Friday, October 8, 2010

The Key

I WROTE THIS BACK IN JULY, BUT IT FELL THROUGH THE CRACKS.

The key to understanding Arthurian Economics is to notice the conflict in policy, and to realize that this conflict has created monetary imbalance.

Policy is the root of the problem. But the problem itself is best described as monetary imbalance. One can see the problem as an imbalance between the components of M2 money -- between money in circulation and money in savings. Or one can see the problem as an imbalance between money in circulation and credit in circulation. (Of course: Credit in circulation is created largely out of money in savings.)

If you want to see the cost problem associated with the imbalance, look at the imbalance between circulating money and credit. Every dollar of credit is just like a dollar of circulating money, except that it costs interest, and it has to be paid back besides. Is there much credit in circulation? Yes: Every dollar of debt identifies a dollar of credit in circulation, costing interest, and awaiting payback.

If you want to see the payback problem associated with monetary imbalance, look again at circulating money and credit. Circulating money, when it comes to you as income, can be used to pay down debt, or to pay interest on it, or for other things.
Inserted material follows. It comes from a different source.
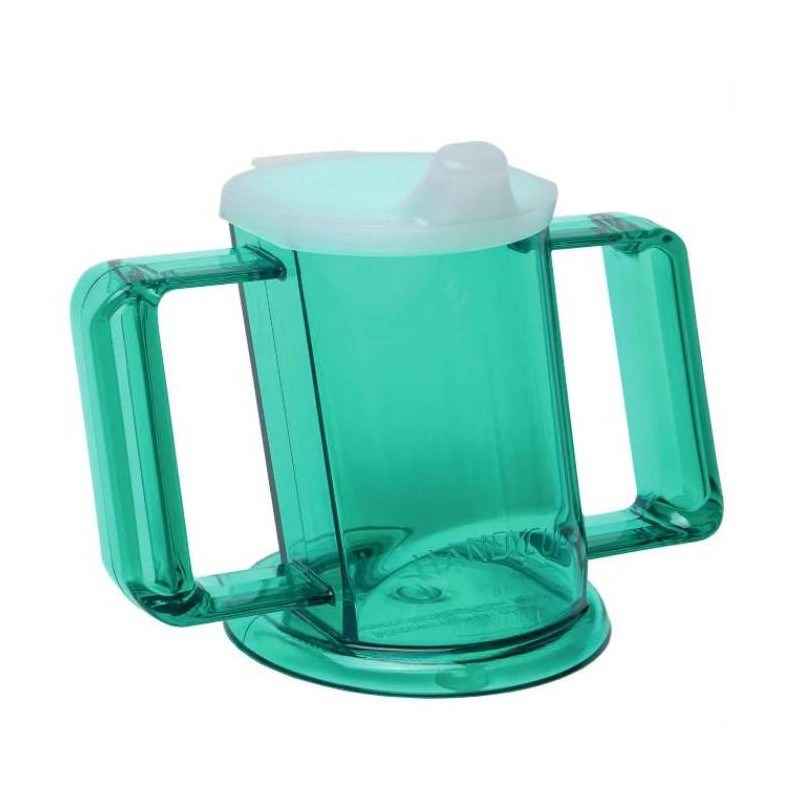 SUNDO Mug for a disabled person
But because of the imbalance, chances are good that the money that comes to you is somebody else's credit in circulation. You can use it to pay down your debt, sure. But if everybody starts paying off debt -- as we've been doing lately -- all the money must be soon used up, while plenty of unpaid debt remains.

If you want to see why savings rates were low, look at the imbalance between the two components of M2 -- money in circulation, and money in savings. There is already so much of M2 in savings, and so little in circulation, that we simply could not afford to save more. (And saving just a little more, as we've been doing lately, has been enough to create "the worst recession since the great depression.")

It is a natural tendency, the tendency toward monetary imbalance. It is a product of human nature. That is why, before the Federal Reserve was created, we had financial panics on a regular basis: a natural result of human nature. But in our time the natural tendency toward imbalance has been exaggerated by policy, for policy is designed by people, and human nature is mixed up in it.

Good policy would counteract the effects of human nature, and keep the components of money in balance.